The COVID-19 pandemic has shown us more than ever how interconnected we are globally. This interconnection is at the very heart of the Fairtrade message and is where your role begins. Farmers need better incomes and financial support to adapt to changing weather patterns and change their farming methods to ensure a low-carbon economy. By choosing Fairtrade, you show solidarity with those on the frontline of the climate crisis. You are part of the Fairtrade movement, and you havethe power to drive long-term change, not only with your shopping choices but with your support in spreading the message.

THE PROBLEM

For generations, the exploitation of people and planet has caused extreme global inequality and a climate emergency. Fairtrade farmers have told us that climate change is their biggest challenge right now.
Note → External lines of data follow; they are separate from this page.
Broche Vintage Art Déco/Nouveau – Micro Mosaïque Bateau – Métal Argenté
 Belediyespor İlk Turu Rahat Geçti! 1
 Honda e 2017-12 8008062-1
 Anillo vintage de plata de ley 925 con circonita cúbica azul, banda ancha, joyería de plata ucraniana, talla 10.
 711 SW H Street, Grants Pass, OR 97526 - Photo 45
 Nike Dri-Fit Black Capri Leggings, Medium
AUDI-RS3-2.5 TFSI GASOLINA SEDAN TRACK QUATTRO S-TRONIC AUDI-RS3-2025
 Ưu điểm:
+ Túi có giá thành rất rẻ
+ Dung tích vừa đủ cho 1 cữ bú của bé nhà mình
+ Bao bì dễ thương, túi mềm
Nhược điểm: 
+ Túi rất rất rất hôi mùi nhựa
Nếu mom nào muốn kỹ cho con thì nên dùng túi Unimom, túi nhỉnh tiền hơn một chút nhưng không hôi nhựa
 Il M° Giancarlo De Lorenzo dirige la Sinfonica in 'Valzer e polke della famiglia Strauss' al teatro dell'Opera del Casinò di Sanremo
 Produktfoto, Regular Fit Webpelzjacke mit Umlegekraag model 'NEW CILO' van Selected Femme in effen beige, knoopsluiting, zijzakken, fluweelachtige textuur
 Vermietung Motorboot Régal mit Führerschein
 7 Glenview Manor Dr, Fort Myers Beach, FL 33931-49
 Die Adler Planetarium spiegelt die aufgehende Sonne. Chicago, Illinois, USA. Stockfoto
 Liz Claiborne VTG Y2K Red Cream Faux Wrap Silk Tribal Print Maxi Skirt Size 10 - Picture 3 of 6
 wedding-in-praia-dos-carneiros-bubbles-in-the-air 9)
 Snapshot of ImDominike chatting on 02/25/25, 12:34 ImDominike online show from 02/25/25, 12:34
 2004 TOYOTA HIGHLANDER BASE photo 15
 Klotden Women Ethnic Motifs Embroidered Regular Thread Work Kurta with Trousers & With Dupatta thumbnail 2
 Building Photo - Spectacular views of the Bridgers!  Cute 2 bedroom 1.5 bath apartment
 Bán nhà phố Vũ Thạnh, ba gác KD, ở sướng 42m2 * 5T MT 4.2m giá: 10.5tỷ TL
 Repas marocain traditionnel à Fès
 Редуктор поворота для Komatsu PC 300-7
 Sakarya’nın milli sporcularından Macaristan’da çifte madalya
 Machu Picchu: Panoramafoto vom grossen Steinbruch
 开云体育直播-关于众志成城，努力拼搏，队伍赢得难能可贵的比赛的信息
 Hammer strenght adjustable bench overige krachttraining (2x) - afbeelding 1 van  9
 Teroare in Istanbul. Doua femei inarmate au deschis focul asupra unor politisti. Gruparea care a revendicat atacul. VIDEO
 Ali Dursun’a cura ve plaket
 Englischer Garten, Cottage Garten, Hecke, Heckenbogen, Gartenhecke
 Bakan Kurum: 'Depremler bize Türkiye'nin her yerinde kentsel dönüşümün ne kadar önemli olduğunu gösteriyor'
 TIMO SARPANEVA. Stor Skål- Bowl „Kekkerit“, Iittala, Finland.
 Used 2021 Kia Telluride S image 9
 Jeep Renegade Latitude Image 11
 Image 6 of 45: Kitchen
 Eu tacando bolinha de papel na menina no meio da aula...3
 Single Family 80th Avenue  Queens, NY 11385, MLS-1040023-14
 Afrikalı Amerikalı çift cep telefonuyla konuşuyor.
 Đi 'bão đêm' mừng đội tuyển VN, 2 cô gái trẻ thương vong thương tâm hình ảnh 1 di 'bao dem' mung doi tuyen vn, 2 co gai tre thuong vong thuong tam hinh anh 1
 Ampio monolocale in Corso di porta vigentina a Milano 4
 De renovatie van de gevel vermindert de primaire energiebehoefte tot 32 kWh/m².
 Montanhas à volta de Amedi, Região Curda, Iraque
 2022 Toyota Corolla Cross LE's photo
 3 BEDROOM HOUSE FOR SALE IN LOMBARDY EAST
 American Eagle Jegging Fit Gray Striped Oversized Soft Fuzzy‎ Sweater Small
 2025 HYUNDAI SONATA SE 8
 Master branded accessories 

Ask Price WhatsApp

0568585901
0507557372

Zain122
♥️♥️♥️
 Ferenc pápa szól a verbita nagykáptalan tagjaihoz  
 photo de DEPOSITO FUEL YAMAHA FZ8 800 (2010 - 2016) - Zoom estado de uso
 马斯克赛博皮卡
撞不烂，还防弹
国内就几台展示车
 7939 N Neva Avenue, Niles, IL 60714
They are bearing the brunt of the climate crisis in the most climate vulnerable nations. Despite contributing the least to the climate crisis, smallholders in developing countries are disproportionately affected by increasingly frequent weather events, loss of fertile soil and crop diseases. The farmers that Fairtrade works with have seen their crops of coffee, cocoa, honey, and vegetables in Honduras, Guatemala and Nicaragua be completely devastated. At 1.1 degrees, current levels of global heating are causing communities to suffer hurricanes in Central America, floods and landslides in India, sweeping away people’s homes, destroying entire livelihoods in seconds, while swarms of locusts affect East Africa and extreme drought continues in Southern Africa. By 2050 as much as 50 percentof the global surface area currently used for coffee farming may no longer be suitable and many cocoa growing regions in Ghana and Côte d’Ivoire – who produce over half of the world’s cocoa – will become too hot to grow the crop.

Farmers have fewer resources to adapt to changes in climate and other stresses they are experiencing every day. Yet we all rely on farmers to produce the food we need for a growing global population. 80 percent of the world’s food comes from 500 million family farms. With the continuing global COVID-19 pandemic, these communities also face rising debts, falling commodity prices and widespread shocks in the global supply chains. These huge challenges, alongside already low incomes, mean these communities are often unable to invest in ways to adapt to the widespread effects of a changing climate, let alone clean energy and climate-smart farming methods needed to protect the planet’s forests and help restore biodiversity.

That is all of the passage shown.